A cheap FM radio might produce sounds from 300Hz to 6kHz.

You can attenuate an audio oscillator down to mic level, remove R1 that powers an electret mic and test the transmitter and receiver levels if you want.

EDIT: I forgot to say that the range depends on the sensitivity of the FM receiver. The output power of my FM transmitter is about 25mW (0.025W).

I marked a few of the blocks in my FM transmitter:

 

[Eshal]

OK thank you sir.
But your transmitter doesn't have blocks like my block diagram in the post#1. Like, where is AF amplifier and why did you not use it? Where is RF drive amplifier and why did you not use it? Where is power amplifier and why did you not use it? And finally where is low pass filter and why did you not use it in your design?

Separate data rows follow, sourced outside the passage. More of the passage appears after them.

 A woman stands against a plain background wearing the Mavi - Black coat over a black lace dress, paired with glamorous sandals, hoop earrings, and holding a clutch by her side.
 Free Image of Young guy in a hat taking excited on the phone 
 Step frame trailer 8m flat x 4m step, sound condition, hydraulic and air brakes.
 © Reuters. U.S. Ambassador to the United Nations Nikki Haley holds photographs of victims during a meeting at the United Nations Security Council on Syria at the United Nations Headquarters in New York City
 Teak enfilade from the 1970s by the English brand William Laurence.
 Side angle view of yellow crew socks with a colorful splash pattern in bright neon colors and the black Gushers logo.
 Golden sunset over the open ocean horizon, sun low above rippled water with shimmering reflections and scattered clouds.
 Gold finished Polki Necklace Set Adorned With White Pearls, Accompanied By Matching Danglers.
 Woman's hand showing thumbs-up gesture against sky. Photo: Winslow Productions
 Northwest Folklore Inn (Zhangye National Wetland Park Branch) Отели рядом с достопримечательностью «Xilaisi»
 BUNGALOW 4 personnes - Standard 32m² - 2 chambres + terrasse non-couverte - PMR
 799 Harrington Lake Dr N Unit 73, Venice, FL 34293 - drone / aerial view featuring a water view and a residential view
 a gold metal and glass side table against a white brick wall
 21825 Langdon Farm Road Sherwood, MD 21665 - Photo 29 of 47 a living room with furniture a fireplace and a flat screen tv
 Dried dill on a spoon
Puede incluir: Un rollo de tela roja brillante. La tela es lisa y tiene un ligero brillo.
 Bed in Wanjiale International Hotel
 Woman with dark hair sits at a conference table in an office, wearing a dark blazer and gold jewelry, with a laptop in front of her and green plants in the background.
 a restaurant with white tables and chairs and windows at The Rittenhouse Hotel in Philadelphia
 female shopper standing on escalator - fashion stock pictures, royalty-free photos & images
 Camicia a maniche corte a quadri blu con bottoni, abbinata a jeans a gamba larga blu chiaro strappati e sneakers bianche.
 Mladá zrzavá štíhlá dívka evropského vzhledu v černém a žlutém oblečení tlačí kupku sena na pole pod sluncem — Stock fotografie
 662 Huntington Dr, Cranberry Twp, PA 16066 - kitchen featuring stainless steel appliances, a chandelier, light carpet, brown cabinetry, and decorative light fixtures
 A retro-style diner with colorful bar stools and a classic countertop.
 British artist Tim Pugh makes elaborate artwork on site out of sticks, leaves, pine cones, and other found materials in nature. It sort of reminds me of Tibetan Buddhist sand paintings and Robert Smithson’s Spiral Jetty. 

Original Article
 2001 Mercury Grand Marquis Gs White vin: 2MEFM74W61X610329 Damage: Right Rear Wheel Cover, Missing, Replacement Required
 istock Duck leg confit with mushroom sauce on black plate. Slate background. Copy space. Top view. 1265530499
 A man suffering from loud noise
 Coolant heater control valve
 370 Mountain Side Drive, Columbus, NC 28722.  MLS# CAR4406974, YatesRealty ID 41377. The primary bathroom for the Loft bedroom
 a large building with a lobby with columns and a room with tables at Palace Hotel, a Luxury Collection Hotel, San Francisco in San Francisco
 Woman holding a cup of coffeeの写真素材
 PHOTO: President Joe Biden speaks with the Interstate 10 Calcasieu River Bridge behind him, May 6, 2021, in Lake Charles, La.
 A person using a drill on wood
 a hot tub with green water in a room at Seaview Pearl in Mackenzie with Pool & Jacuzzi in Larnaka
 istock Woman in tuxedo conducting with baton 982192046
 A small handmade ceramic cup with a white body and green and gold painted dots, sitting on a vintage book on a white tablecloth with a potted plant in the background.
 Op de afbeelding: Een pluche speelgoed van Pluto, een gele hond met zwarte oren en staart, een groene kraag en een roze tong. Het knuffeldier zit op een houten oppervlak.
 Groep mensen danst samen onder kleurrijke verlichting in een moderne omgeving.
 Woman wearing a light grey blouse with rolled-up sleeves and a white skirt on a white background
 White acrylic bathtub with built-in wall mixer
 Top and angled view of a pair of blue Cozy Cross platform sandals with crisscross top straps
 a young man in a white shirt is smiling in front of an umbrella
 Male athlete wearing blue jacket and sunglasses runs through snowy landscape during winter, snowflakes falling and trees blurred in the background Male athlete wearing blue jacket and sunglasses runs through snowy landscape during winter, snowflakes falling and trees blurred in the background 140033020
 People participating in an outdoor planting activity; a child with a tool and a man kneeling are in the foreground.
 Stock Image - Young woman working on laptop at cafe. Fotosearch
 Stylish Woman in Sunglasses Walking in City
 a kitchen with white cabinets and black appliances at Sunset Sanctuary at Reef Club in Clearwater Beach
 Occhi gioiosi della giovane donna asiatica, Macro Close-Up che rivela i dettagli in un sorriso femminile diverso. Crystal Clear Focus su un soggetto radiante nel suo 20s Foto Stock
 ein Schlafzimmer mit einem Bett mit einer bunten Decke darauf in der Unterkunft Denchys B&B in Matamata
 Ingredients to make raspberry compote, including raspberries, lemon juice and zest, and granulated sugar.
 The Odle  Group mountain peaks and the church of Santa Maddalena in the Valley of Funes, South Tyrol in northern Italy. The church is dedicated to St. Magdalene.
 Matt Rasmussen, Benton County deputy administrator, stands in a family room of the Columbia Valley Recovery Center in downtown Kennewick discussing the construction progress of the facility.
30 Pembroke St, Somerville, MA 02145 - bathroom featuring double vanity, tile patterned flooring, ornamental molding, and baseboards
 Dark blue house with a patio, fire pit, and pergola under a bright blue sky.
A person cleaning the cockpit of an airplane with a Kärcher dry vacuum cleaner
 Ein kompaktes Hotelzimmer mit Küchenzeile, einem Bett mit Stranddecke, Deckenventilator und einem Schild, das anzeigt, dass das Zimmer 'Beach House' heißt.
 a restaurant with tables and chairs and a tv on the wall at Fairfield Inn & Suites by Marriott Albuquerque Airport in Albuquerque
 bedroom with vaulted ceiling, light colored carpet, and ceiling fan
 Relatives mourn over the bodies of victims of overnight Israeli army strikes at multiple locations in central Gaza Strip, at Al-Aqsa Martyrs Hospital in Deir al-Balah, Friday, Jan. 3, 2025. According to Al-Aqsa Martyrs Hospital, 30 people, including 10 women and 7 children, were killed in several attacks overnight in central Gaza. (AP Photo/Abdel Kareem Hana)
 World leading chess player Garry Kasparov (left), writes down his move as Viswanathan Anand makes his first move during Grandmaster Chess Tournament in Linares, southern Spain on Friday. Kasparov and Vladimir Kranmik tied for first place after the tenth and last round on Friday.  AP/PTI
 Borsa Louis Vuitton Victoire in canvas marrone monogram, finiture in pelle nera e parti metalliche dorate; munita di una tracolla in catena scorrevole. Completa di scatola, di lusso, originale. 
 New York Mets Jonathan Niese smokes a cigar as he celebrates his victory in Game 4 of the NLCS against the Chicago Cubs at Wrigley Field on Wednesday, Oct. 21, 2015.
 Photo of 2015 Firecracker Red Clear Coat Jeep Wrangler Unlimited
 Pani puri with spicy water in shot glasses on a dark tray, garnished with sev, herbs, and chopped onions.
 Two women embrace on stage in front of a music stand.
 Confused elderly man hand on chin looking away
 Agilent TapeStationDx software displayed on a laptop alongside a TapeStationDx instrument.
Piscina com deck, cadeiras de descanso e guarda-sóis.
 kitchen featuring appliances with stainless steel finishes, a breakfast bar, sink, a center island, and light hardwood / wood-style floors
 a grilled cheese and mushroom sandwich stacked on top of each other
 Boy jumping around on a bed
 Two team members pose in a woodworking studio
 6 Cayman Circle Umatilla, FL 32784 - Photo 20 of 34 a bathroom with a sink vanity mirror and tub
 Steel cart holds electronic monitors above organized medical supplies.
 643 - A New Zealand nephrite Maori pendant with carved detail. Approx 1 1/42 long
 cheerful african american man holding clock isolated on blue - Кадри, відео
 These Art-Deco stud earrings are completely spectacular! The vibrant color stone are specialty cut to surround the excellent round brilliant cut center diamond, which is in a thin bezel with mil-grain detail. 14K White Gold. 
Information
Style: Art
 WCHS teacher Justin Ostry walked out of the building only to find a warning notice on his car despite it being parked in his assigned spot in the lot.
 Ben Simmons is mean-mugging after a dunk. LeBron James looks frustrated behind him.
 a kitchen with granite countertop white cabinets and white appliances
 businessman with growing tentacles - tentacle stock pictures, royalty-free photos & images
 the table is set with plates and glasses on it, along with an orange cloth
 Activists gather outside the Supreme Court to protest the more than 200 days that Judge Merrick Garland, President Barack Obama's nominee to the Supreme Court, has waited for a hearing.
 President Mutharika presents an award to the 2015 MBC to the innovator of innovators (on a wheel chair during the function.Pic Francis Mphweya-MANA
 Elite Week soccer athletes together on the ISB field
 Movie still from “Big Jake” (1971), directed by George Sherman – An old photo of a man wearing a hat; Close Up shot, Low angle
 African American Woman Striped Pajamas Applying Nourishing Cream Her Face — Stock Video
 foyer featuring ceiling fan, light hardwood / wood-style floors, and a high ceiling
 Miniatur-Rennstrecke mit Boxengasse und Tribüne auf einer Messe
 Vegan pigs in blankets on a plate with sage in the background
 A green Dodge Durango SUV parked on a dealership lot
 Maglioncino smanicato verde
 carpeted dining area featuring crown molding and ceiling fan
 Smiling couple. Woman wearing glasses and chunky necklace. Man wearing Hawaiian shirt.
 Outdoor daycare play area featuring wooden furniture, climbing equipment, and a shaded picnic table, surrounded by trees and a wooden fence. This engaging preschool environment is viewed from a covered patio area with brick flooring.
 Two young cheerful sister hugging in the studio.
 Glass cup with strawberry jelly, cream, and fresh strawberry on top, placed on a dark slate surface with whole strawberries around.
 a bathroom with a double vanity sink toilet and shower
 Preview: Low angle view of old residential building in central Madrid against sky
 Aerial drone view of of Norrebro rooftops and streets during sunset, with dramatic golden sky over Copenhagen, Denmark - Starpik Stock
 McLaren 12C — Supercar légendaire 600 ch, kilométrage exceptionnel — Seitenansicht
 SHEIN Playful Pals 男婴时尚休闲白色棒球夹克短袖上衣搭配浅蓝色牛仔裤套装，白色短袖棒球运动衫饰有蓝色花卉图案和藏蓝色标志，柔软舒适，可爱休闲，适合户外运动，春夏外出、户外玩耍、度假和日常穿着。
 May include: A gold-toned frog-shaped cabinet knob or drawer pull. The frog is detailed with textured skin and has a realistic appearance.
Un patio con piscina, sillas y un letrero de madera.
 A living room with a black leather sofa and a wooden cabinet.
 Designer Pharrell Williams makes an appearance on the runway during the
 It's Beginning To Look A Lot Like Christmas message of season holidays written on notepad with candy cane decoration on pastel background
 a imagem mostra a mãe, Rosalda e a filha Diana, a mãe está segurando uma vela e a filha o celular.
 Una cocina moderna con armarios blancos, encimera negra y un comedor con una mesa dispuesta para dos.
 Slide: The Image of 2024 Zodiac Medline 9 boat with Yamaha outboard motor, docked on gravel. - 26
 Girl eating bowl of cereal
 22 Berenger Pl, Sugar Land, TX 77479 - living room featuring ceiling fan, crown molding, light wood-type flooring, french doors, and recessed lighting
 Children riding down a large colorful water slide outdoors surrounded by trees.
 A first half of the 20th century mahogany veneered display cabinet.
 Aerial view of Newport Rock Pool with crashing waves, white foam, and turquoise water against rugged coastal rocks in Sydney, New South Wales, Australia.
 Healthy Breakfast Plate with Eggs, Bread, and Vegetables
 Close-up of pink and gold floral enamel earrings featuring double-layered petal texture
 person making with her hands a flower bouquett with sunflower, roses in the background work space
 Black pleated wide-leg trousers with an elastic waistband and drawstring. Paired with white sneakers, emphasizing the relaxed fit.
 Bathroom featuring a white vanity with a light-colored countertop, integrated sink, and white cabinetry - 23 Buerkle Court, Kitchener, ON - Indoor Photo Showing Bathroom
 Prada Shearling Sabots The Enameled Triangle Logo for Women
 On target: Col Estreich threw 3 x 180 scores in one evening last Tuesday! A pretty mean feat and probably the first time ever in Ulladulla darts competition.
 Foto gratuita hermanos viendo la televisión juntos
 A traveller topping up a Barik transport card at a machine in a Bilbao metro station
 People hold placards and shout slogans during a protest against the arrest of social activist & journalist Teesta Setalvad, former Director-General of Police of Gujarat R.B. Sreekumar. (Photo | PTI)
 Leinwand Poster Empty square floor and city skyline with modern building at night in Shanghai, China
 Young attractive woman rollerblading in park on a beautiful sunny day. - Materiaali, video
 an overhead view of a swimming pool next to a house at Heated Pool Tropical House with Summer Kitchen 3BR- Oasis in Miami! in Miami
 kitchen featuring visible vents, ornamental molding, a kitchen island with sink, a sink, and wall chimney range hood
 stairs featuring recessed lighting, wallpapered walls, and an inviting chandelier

But I think I know why you did not use power amplifier. The answer is, your output power is low i.e. 0.025W just. So it doesn't need amplifier because we don't need any amplification further. Right?

Please answer sir.

Thank you.

 

[Audioguru]

OK thank you sir.
But your transmitter doesn't have blocks like my block diagram in the post#1.

I showed which parts of my schematic do what. It has 5 blocks.

Like, where is AF amplifier and why did you not use it?

Its Mic Preamp is a microphone AF amplifier.

Where is RF drive amplifier and why did you not use it?

its RF Amplifier is an RF drive amplifier.

Where is power amplifier and why did you not use it?

A power amplifier is illegal so I did not use it.

And finally where is low pass filter and why did you not use it in your design?

Its AF amplifier is linear class-A with low distortion and has a tuned circuit which reduces harmonics more so it does not need a lowpass filter like a distorted class-C output stage.

 

[Eshal]

Its AF amplifier is linear class-A with low distortion and has a tuned circuit which reduces harmonics more so it does not need a lowpass filter like a distorted class-C output stage.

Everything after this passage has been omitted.